Small nuclei that become excited and deformed lose their energy by breaking up into smaller fragments. A larger nucleus, with 150 or more nucleons, stores most of its excitation energy as rotational energy. As they slow down and de-excite, these nuclei lose energy and return to their unexcited shape. What do these nuclei emit, and how would you characterize the energy spectrum?

Answer

Small nuclei that become excited and deformed prefer to lose their energy by breaking up into helium nuclei (alpha particles) or C-12 nuclei whenever possible. In fact, researchers often talk about “nuclear molecules” composed of these two entities. The larger nuclei, with more than 150 nucleons, usually spin faster when energy is added, and the result of a higher angular momentum state is a nucleus that is more deformed. As they de-excite, up to about 40 gamma rays are emitted by descending an “excitation ladder,” producing a characteristic gamma ray emission spectrum. From this spectrum one can determine the nuclear angular momentum states and the nucleus’s deformation shape. Super deformed nuclei were discovered in this way.

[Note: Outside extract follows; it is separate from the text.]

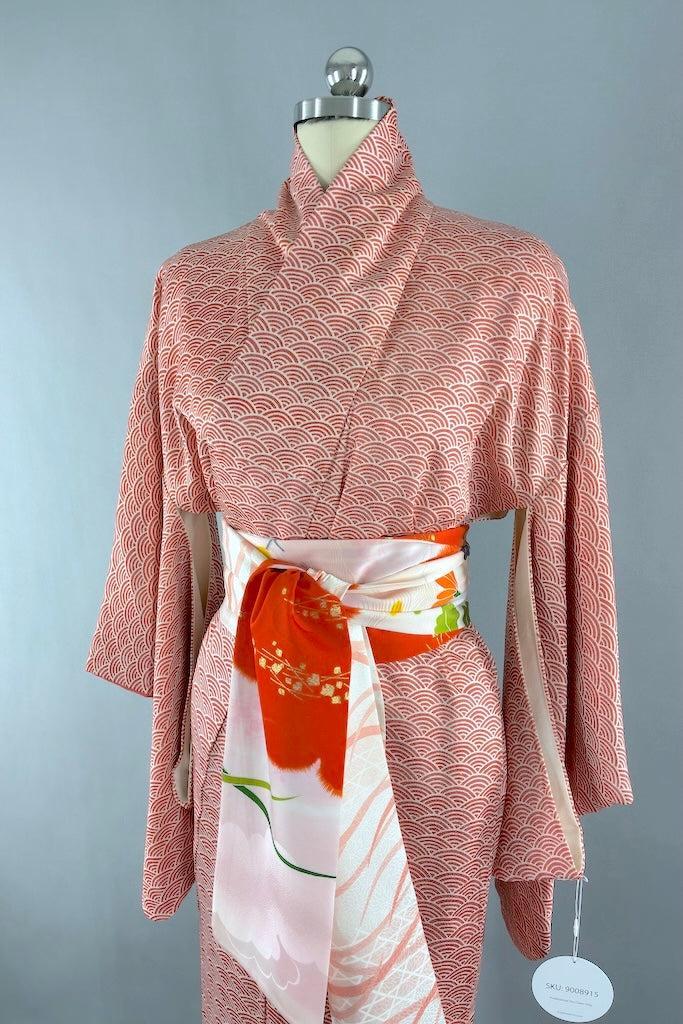 Vintage Red Seigaiha Silk Kimono-ThisBlueBird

Rotational motion of quantum objects such as atoms and molecules has a long and distinguished physics history. Quantized rotational motion of molecules was first recognized from the absorption spectra of infrared light in 1912. The occurrence of rotational motion of atomic nuclei first became a topic of interest in the late 1930s in an effort to explain observed nuclear excitation spectra by physicists Edward Teller and John Wheeler in about 1938.

Quantum mechanics dictates the shapes. Upon excitation, the nucleus first deforms into a shape like a rugby football, with a length-to-height ratio of about two to one. Mg-24 appears to behave as if two C-12 nuclei are its major components and seems to behave as a super deformed nucleus in this rugby football shape. The next state would have an elongated hyper deformed shape as a result of perhaps six alpha particles lined up along the long axis. This nucleus is highly unstable, and this nuclear sausage would produce an unmistakable debris pattern.

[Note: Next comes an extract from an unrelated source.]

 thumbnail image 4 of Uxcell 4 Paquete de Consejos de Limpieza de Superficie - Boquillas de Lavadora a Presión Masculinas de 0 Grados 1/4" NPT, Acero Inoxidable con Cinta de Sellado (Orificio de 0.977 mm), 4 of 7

Recent detailed investigations of several Pb isotopes have yielded surprises. The angular distribution and polarization of the gamma rays show that they were not electric quadrupole (E2) transitions but magnetic dipole (M1). Classically, M1 radiation is pictured as being emitted from a rotating current loop, with the field oscillating at the same frequency as the frequency of rotation. Similar gamma-ray emission bands have recently been identified in other nuclei in the mass region around 110, where the nuclei also are nearly spherical. These spectra have a pattern that is typical of transitions between rotation states, which poses an awkward problem: how can we explain these regular patterns of M1 gamma rays? Apparently there is much more to understand.